TASK REQUIREMENTS → Each line below must be reproduced exactly, though the pictures are to be dropped.

________

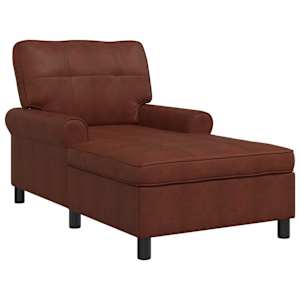 vidaXL Chaise Lounge K&uuml;&uuml;riv Pruun Kunstnahk 91 x 157 x 91 cm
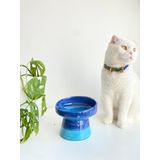 Seramik Kedi Ve Köpek Mama Su Kabı MAVİ GÖKKUŞAĞI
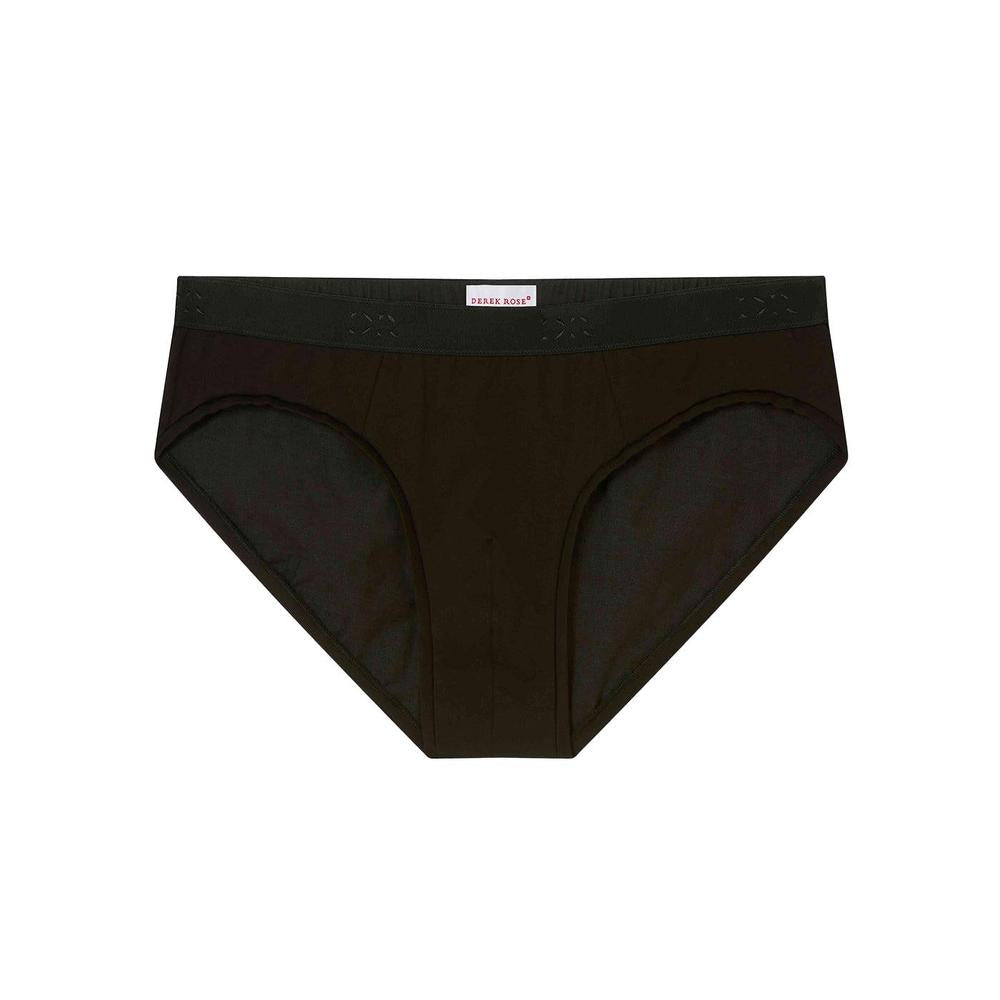 Pima Cotton Stretch Brief, Black-Derek Rose-UNDERU
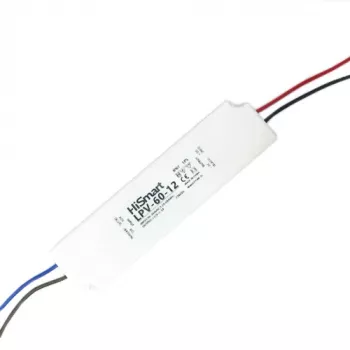 LED-ajuri MEAN WELL LPV-60-12, 60 W 12 V DC, 90–264 V AC tulo, valkoinen, -30–70 °C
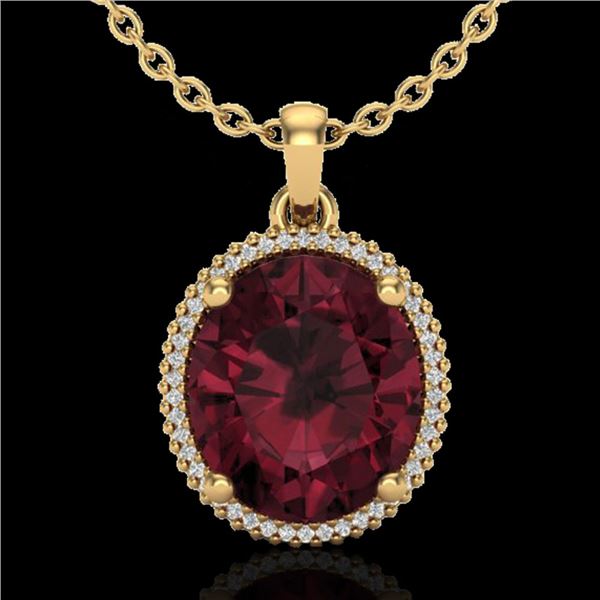 11 ctw Garnet & Micro Pave VS/SI Diamond Necklace 18k Yellow Gold - REF-55K2Y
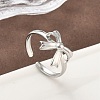 304 Stainless Steel Open Cuff Rings for Women RJEW-A079-11A-P-2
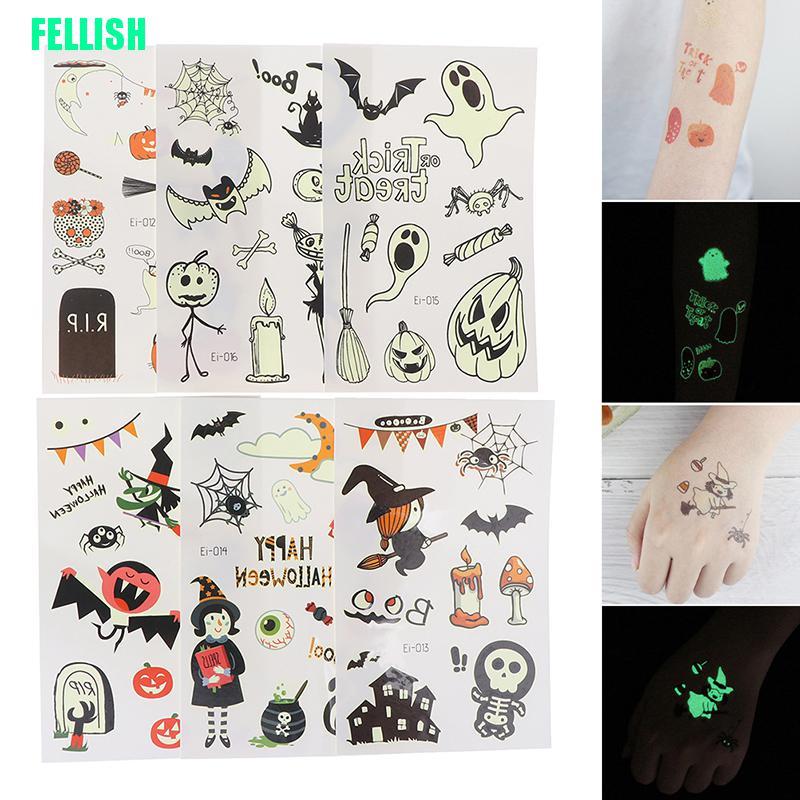 [Hàng mới về] Hình Xăm Dán Dạ Quang Họa Tiết Halloween Trang Trí Cơ Thể Độc Đáo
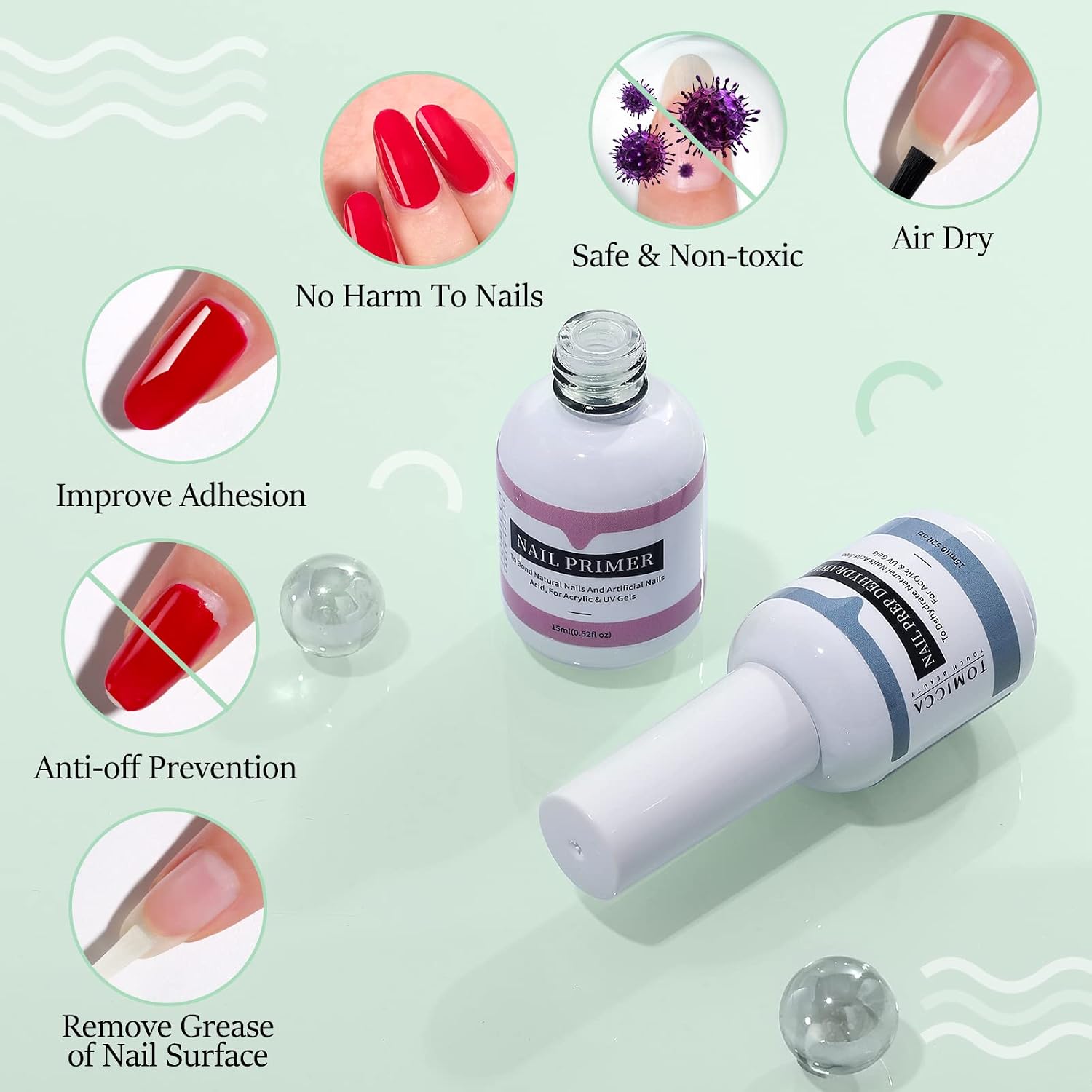 Detalle de TOMICCA Primer & Dehydrator Set für Gelnägel und Acryl – 2 x 15 ml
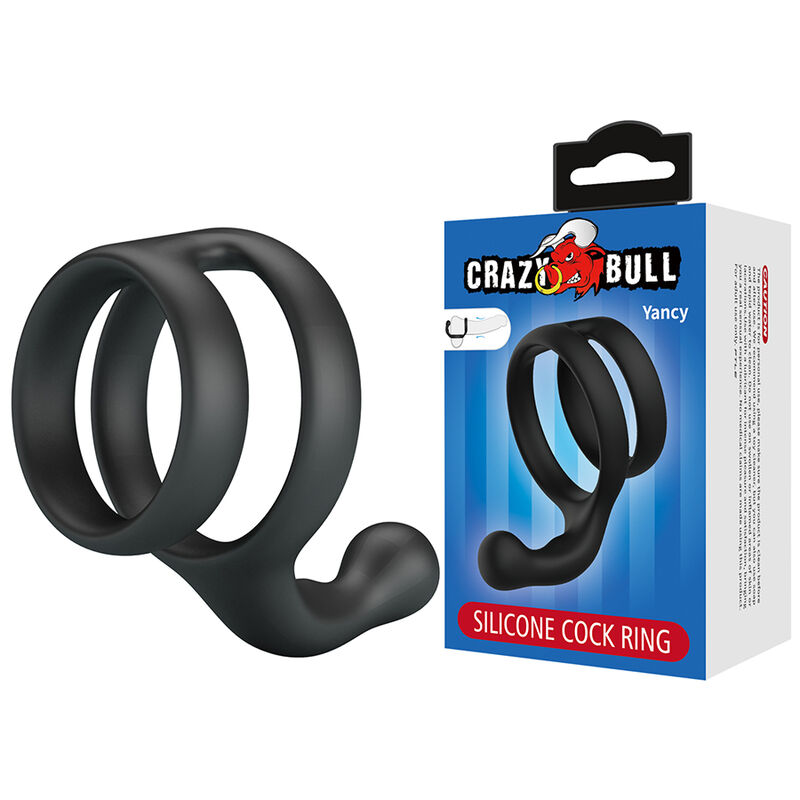 Crazy Bull - Yancy Doppio Anello Per Pene E Testicoli Nero - immagine 2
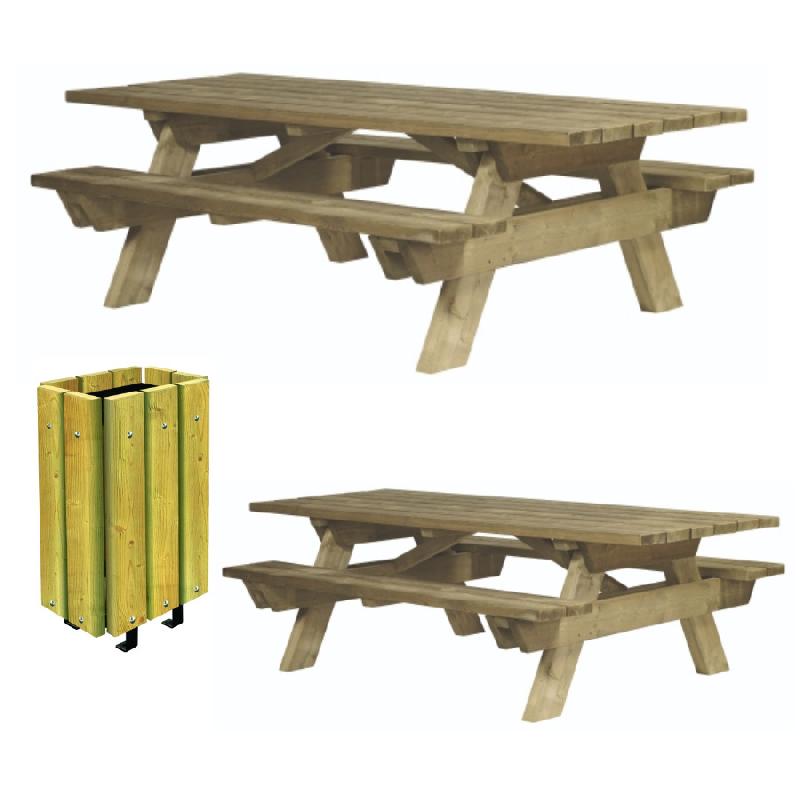 Lot de 2 tables pique-nique Berlin à sceller - bois traité + 1 corbeille extérieure Brême_0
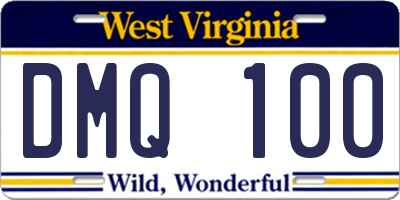 WV license plate DMQ100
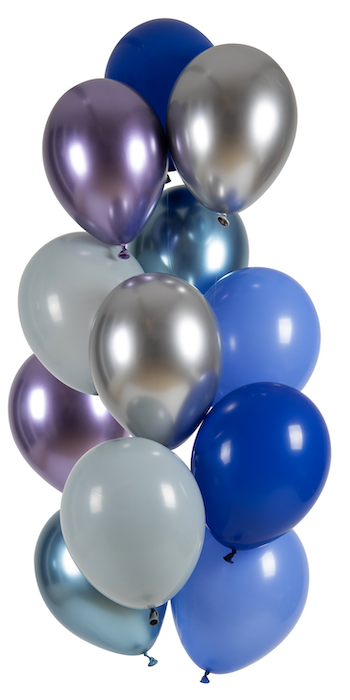 Metallic Multifarvet Ballon Buket - 12 stk. til fest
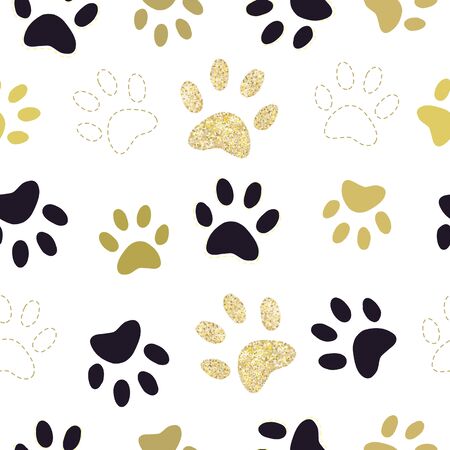 Gold and black paw printsのイラスト素材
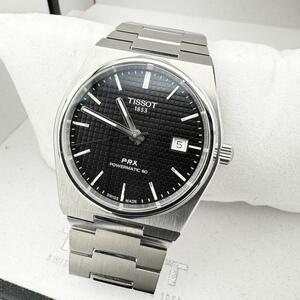 未使用品 TISSOT ティソ PRX パワーマティック80 100ｍ防水 腕時計 メンズ 自動巻き ブラック文字盤 T137407A　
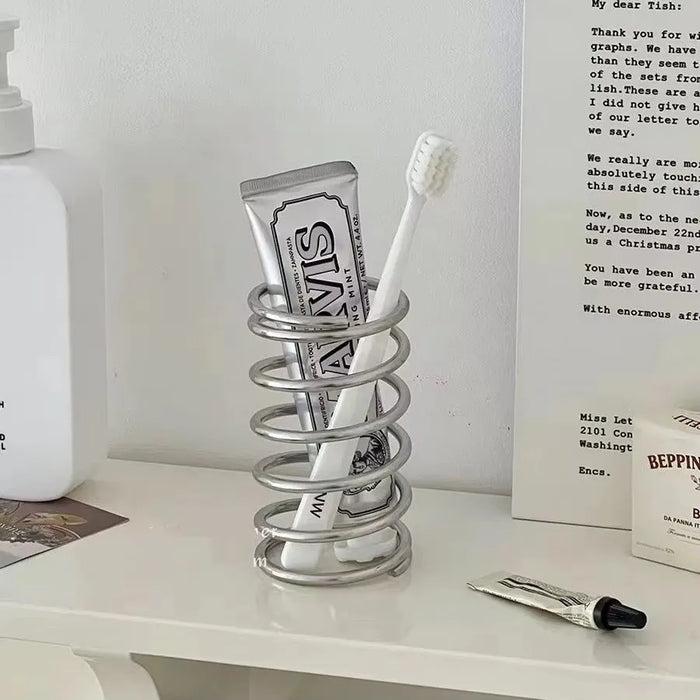 Stainless Steel Toothbrush & Makeup Brush Holder — 11 x 6.5 cm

________

ANSWER SECTION →
 vidaXL Chaise Lounge K&uuml;&uuml;riv Pruun Kunstnahk 91 x 157 x 91 cm
 Seramik Kedi Ve Köpek Mama Su Kabı MAVİ GÖKKUŞAĞI
 Pima Cotton Stretch Brief, Black-Derek Rose-UNDERU
 LED-ajuri MEAN WELL LPV-60-12, 60 W 12 V DC, 90–264 V AC tulo, valkoinen, -30–70 °C
 11 ctw Garnet & Micro Pave VS/SI Diamond Necklace 18k Yellow Gold - REF-55K2Y
 304 Stainless Steel Open Cuff Rings for Women RJEW-A079-11A-P-2
 [Hàng mới về] Hình Xăm Dán Dạ Quang Họa Tiết Halloween Trang Trí Cơ Thể Độc Đáo
 Detalle de TOMICCA Primer & Dehydrator Set für Gelnägel und Acryl – 2 x 15 ml
 Crazy Bull - Yancy Doppio Anello Per Pene E Testicoli Nero - immagine 2
 Lot de 2 tables pique-nique Berlin à sceller - bois traité + 1 corbeille extérieure Brême_0
 WV license plate DMQ100
 Metallic Multifarvet Ballon Buket - 12 stk. til fest
 Gold and black paw printsのイラスト素材
 未使用品 TISSOT ティソ PRX パワーマティック80 100ｍ防水 腕時計 メンズ 自動巻き ブラック文字盤 T137407A　
 Stainless Steel Toothbrush & Makeup Brush Holder — 11 x 6.5 cm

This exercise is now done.